Are advisors simply too busy to bother with the “afterlife” of their own practices? Or is it that advisors, many who work as sole proprietors or with one or two other part-timers, haven’t thought much about their exit strategies by grooming a successor?
Brian Heapps, president of John Hancock Financial Network, said more needs to be done to help advisors make the transition, even as the industry hasn’t been shy about discussing the issue.
“Personally I can see that advisors might consider a succession event to be too far into the future to consider,” Heapps said in a news release. “However, it's never too early to work on the critical first steps of obtaining a solid valuation for a practice and then considering how best to increase the value and build equity."
According to a survey earlier this year by Matthew Greenwald and Associates for Signator Investors, 56 percent of advisors have a business continuity plan in case they are unable to work, but only 11 percent have completed a succession plan.
A total of 34 percent said they started a plan but have not completed it, the survey also found, and only 10 percent have an accurate value of their practice.
Building a business is to advisors what the pay-in phase of a retirement is for a salaried employee, and neither group appears to have planned for life beyond the payout phase. After spending more than 30 years building their business, advisors are unsure about how to take it apart.
And with good reason, said Jason Del Col, senior vice president of United Capital in Newport Beach, Calif., because succession planning is far more nuanced than simply handing over an advisor’s book of business.
There are two pieces to the equation as far as retiring advisors are concerned: The first is to ensure that the advisor is “retiring” in the way he or she wants. Often, the veteran advisor doesn’t want to leave the industry in one swoop. Instead, many advisors prefer to transition into retirement over a period of several years.
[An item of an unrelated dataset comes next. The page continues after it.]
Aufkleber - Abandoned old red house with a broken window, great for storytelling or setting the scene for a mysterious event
The key is to provide the appropriate “landing” pad for a departing advisor. This may mean a part-time schedule, where he or she can still come in to work once or twice a week. It may also mean having a successor firm take care of the back-office and compliance burdens.
Many retiring advisors still want to continue generating income, even if it’s not quite as much as they used to make, as they move deeper into the “drawdown” period of the transition. Thus, it’s important for a successor firm to evaluate an advisor’s book of business fairly.
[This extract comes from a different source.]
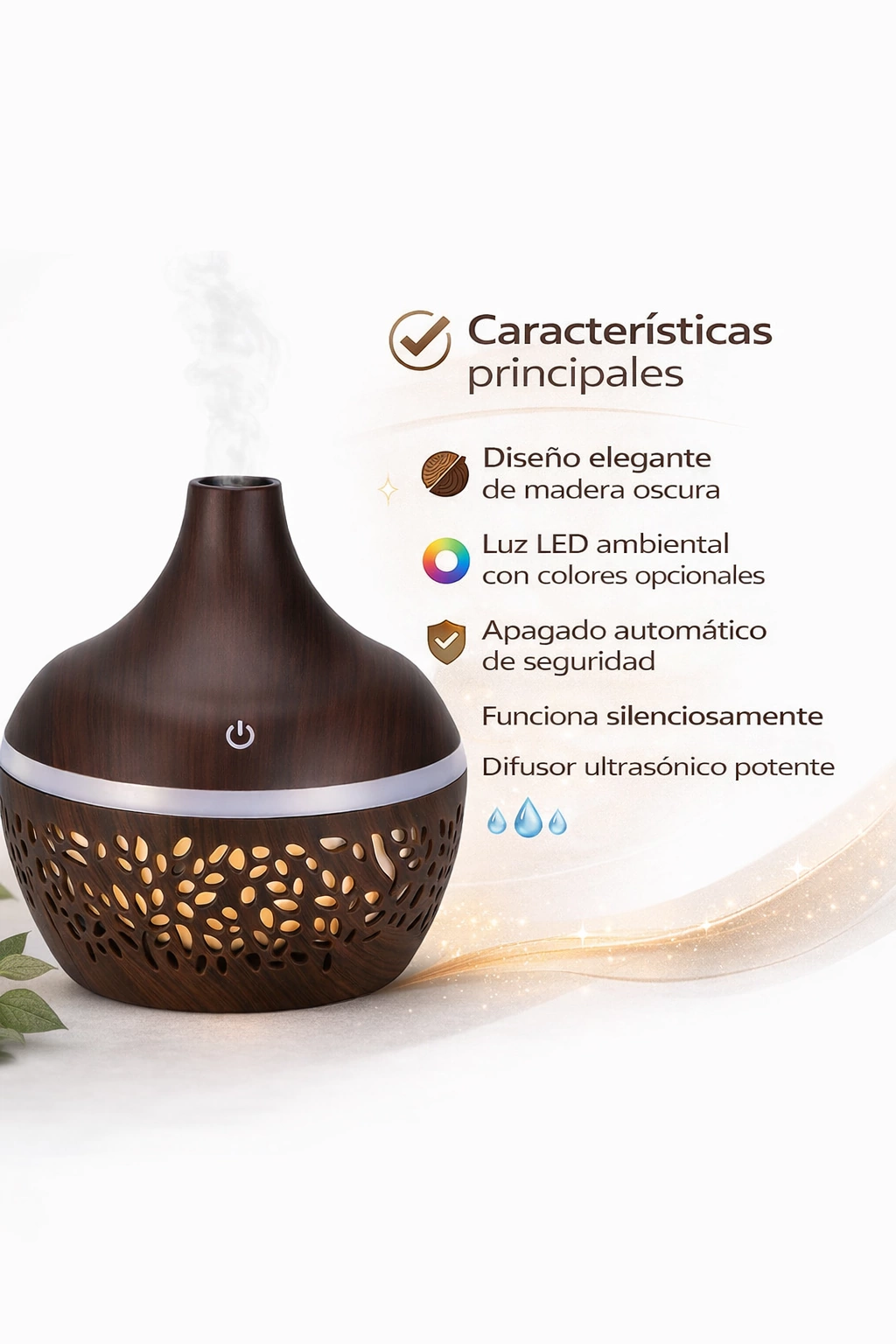 HUMIDIFICADOR WOOD DROP OSCURO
Del Col said the second issue to worry about is for the retiring advisor to find a successor who will understand a client’s needs. That requires an “honest conversation” between the old advisor, the new advisor and the client.
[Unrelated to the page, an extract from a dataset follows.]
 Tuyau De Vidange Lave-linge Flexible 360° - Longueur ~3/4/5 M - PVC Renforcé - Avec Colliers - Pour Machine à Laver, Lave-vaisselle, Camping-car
With so many advisors putting their clients’ needs ahead of their own, only an in-depth discussion will give the old advisor satisfaction that long-time accounts will be taken over by the right advisor, Del Col said. “They are transitioning their life’s work, and this is the last deal they will ever do and that’s a big deal,” he said, in an interview with InsuranceNewsNet.
Sole practitioners may average approximately 200 clients, but it’s how the new advisor fits in with what clients want that locks in a successful transition.
Opportunities abound for advisors to buy and sell their businesses, particularly at the smaller end of the spectrum, and the same trend affecting baby boomers – mass retirement or semiretirement over the next 15 years – is affecting advisors also, Karsten said.
There aren’t enough younger advisors to step in and replace retiring ones, yet demand for advice is going up. That means a selling opportunity for advisors looking to retire, and a buying opportunity for advisors looking to take on more business, Karsten added.
Karsten said that as a rule he only considers buying advisors who’ve been in the business more than five years. “Also, if there are any key employees, make sure they are committed to come work for you.”
The business of a sole practitioner will typically sell for anywhere from 1 to 2.5 times revenue depending on whether it’s commission based or whether it’s a fee-only practice, he said.